Fear-Based Support Raising: 5 Keys to Crack the Code!

By on May 1, 2012   /   2 Comments

Face the fact. You have an enemy who does not want you to get to—or stay at—full support. If he can’t destroy and devour you, at least he can beat you into submission through inserting tapes into the back of your mind, causing you to believe all kinds of lies about God, yourself, and others. If you’re truly going to free yourself from this mental prison, you’ll need to understand—and lock in—this combination of five keys to “crack the code”:

1. Everyone has strong opinions about support raising
Your father, sister, spouse, uncle, pastor, best friend, worst friend, employer, work-out buddy, Christian, non-Christian, mission-agency leader, current support raiser, former support raiser…the list goes on. EVERY person you talk with will have strongly-held thoughts (and feelings!) about this hot topic. The problem is: virtually NO ONE has ever done the hard work of objectively, inductively, and thoroughly studying the Word of God on the subject! Instead, these self-proclaimed experts rely exclusively upon their own fears and perceptions as they offer up their carefully-crafted “wisdom” to you. Never exchange truth for opinion.

2. Don’t devise your support raising philosophy around not offending someone
I am totally mystified how a person can arrange their entire fundraising attitude and approach around the remote possibility that some un-named person out there might get upset about being asked for money. As a result, these “fear-based” support raisers construct their defense mechanisms by misinterpreting or misapplying Scripture, exalting George Muller as their fundraising model, or concoct all kinds of group events, email-blasts, anything(!) to sidestep a simple face to face ask with a human being.

3. You will lose a friend during your support raising
Write it down. Count on it. It is absolutely inescapable that you will run into a person or two in your support raising travels who is offended by what you’re doing. Similar to how the gospel divides people…so does support raising. As kind and sensitive as you are, there still will be someone who doesn’t want to be your friend any more after you’ve called or met with them. But let’s be honest: if they reject you for that, were they really your friend in the first place? Whadyathink? Can you proceed knowing one of your “friends” is going to avoid (and maybe badmouth) you the rest of your life because of their shallow and unbiblical view of ministry, support raising… and friendship?!

You will lose a friend in support raising. Write it down.
Count on it.

4. Boldly tap into the “Lost Touch” file of contacts
I estimate the average number of people you’ve known/met during your lifetime is about 1,000, yet you stay in touch with only about 60. So, what if you do go back and try to contact with some (or all!) of the 940 you’ve lost contact with and someone hangs up on you, claiming you’re only calling ‘cuz you want money? Come on, what have you really lost? Absolutely nothing! They simply go back into the “lost touch” file where they have been for 20 years already. No need to get depressed and hide under the covers for three days!

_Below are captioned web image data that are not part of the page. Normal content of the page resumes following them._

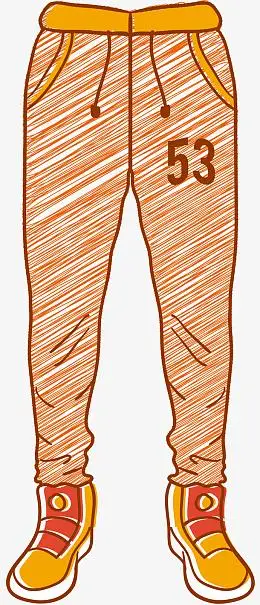 浅黄色矢量卡通运动裤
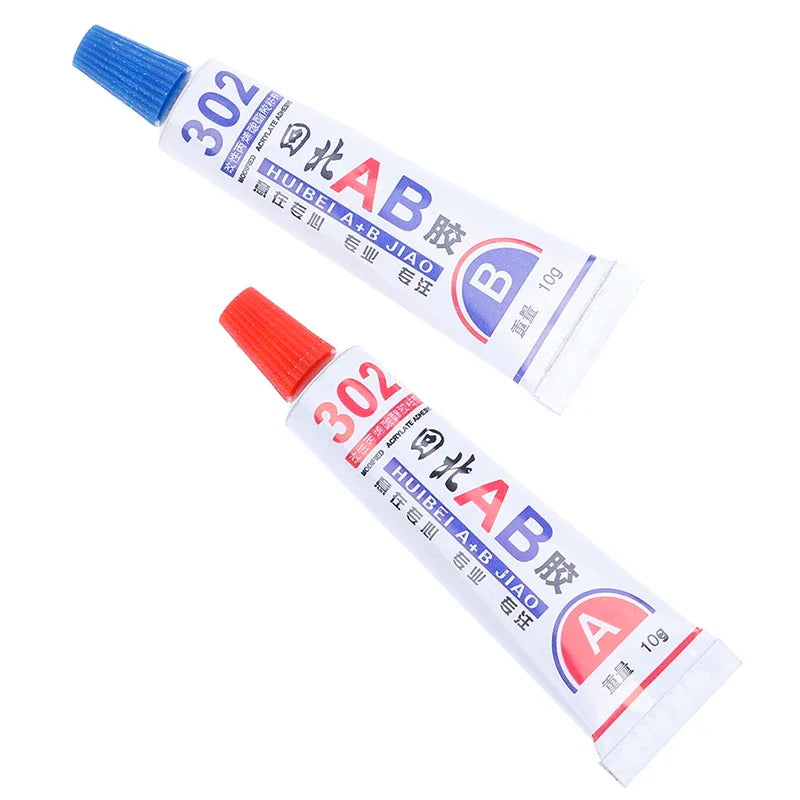 2pcs Liquid AB Glue 302 Metal Wood Fabric Rubber Leather Plastic UV Adhesive Universal Cyanoacrylate Epoxy Glue Strong Super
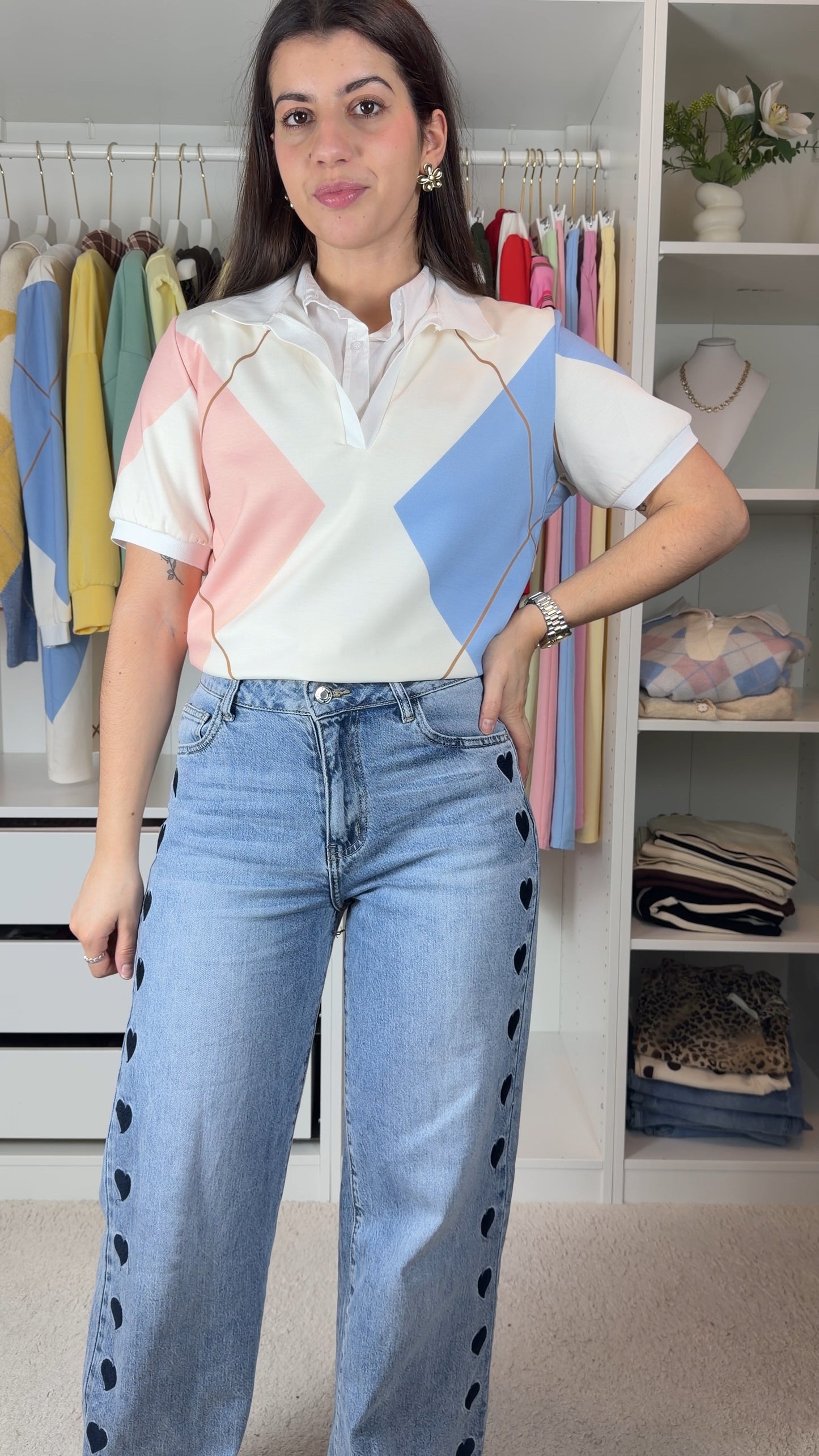 Camisola com losangos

5.  Never allow the “No’s” to block you from the “Yes’s”
Check them off: a) You now are choosing to cling to the truth (vs. opinions). b) You have accepted into your psyche you will offend someone/lose a “friend” during your support raising. c) You’re willing to go back and seek to re-connect with anyone or everyone from your past. d) Finally, you have resolved in your heart it is “ok” if someone says no to your support request. Friend, I don’t know how many “no’s” you will experience to get  you to each “yes”, but keep this mind every day/call/appointment:

God has not given us a spirit of fear,
but of power, love and discipline (2 Timothy 1:7).